The National oil corporation of Kenya will exercise its right to back in 2 blocks in North Western Kenya that have already yielded successful results namely Block 10BB and block 13T operated by Tullow Oil and its partner Africa Oil.
This will be the first time that the industry regulator which doubles as the Kenyan government explorer will back in on any block as the government hopes to play a part in the production of oil and gas that is currently estimated to be over 600mbbl.
This is part of the contract under the production sharing agreement that allows the government to participate should any discovery be made by acquiring some equity on the block in question despite not having invested in exploration.

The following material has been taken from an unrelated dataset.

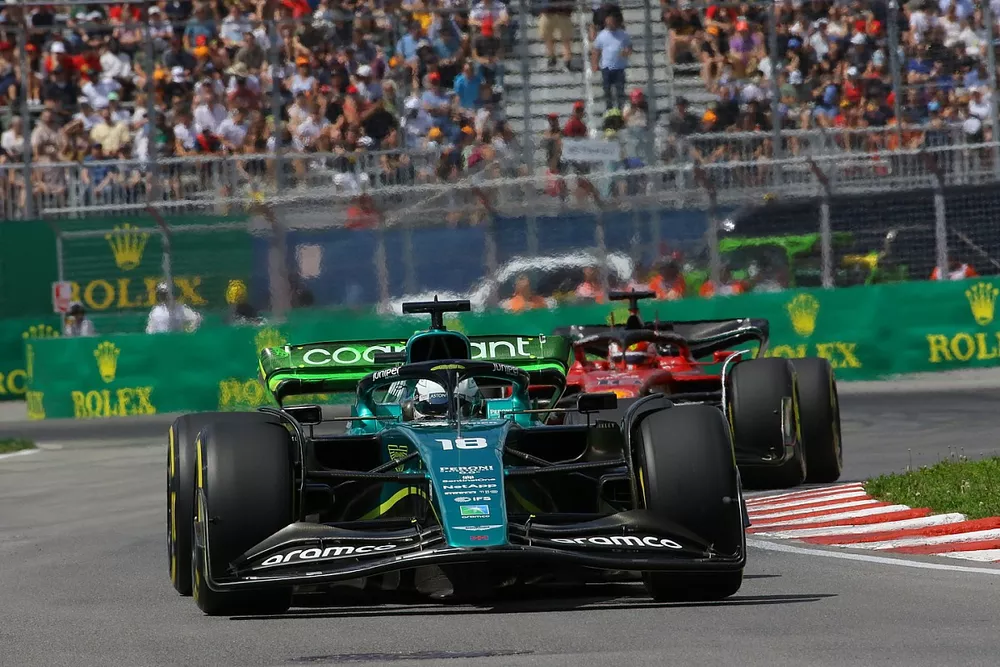 Lance Stroll, Aston Martin AMR22, Charles Leclerc, Ferrari F1-75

According to National Oil Corporation managing director Summaya Athmani in an interview with OilNews Kenya the company is yet to discuss internally to agree on what percentage stake it will acquire.

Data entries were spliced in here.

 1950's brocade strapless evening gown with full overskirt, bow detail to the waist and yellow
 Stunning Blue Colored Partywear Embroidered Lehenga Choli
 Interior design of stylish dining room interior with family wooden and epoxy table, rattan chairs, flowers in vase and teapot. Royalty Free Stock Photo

“Under the PSC we have a clause that allows the government to acquire a stake in blocks inside the country should a discovery be made. National Oil on behalf of the government will therefore exercise this right although we are yet to decide on the equity to acquire,” says Athmani.
“Government has elected in that development area. If the Government exercises its option to participate, the contractor (or each entity constituting the contractor pro-rata) shall transfer to the Government that percentage interest specified by the Government. The Government’s participation shall be effective from the date the development plan hereof is adopted,’ reads part of the current Kenyan PSC.
Once the government participation has kicked in shall own and separately take and dispose of its share in the petroleum produced and saved to which the contractor is entitled under this contract in respect to all decisions taken under the participation agreement.